I think there's a broader point, the specific ecosystem point, as I said, presume that were were winner take all dynamics around the smartphone operating system as there were with PCs, well, Apple is going to have 800 million users before there's time for those effects to kick in. Imagine you are Marks And Spencer's or Target, or Bank of America, or Carrefour, or Aldi, or ... any retailer. If you are Carrefour in France, right now you have an Android app and an iOS app. Do you have a Windows Phone app? Probably not because there's no Windows Phone users in you country, and the people that do have Windows Phone, it's too small to be worth it. But you're not going to pull the iOS app, the iPhone app, because that's only a third of the subscriber base. You're not even going to pull it if it were to drop a quarter or even 10% of your subscriber base.
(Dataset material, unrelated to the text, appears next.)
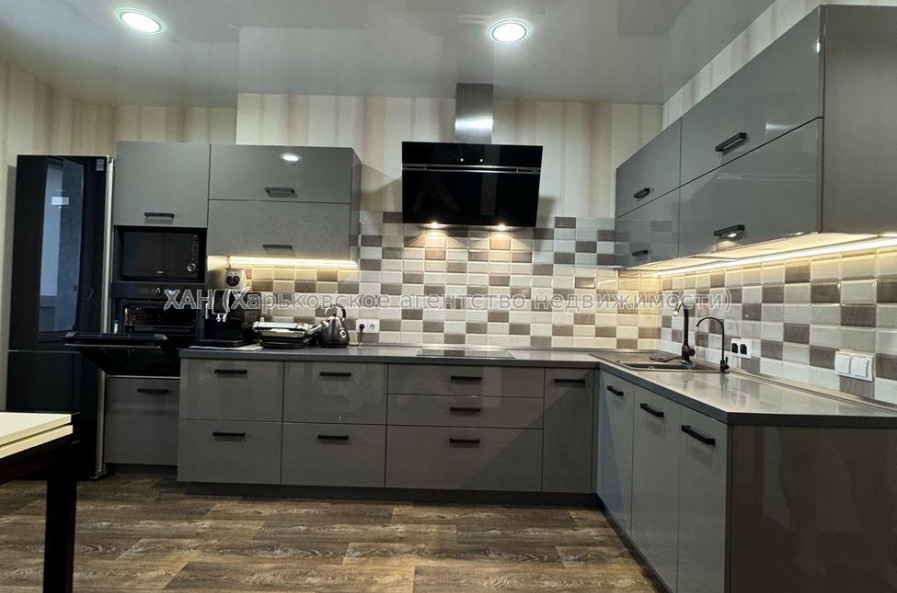 Продам квартиру, Георгия Тарасенко ул. , 1 кім., 40.20 м², евроремонт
And actually, if you were to look at share of value right now, you're probably looking at three-quarters of your basket size.

The market share number doesn't work in quite the same way. If you were a software developer 30 years ago and you said, I'm going to invest $10 million making a Windows app, do we invest another 5 making it for Mac? And there's no offices, none of our target market has bought a Mac, the answer was "no," it was self fulfilling.

But if you are a super market, or a bank , or a movie chain, or any of the modern services that feels like it needs to be engaged with its users online, you don't do that kind of calculation. You think where are our customers? What are the touch points? Where do we need to be? Windows Phone and Blackberry are lopped off the bottom end of that. But there's a vicious circle here and also a virtuous circle. It's extremely hard to kill an ecosystem as long as the product's good and customers keep buying it.

The way Blackberry killed its ecosystem in effect was by having a product that was no longer competitive. I don't think anyone would look at an iPhone and say it's not a competitive product. It would cease to be a competitive product if there were not apps for it, but how do you get there?

...

If you look at the market share for high end phones, it's two-thirds, three quarters iPhone, and the rest goes to high end Android phones. The problem with looking at the value sizes is that if Apple is only got the good customers. Android has all the customers. So it's got some good customers, it's also got some moderately good customers, it's got grandma who went to the store and said I need a new phone and they gave her a $100 Android phone. You've got a much lower average for Android concealed within that, you got a big chunk of people worth having but then when you add that up, you still get to a basket size, or an ecommerce transaction size, or payment rate that's half what you see from iOS. That's really just a function of price.

The corollary of that of course is that if Apple were to make a $150 phone, there average would collapse, because they'd be getting loads of people that wouldn't care.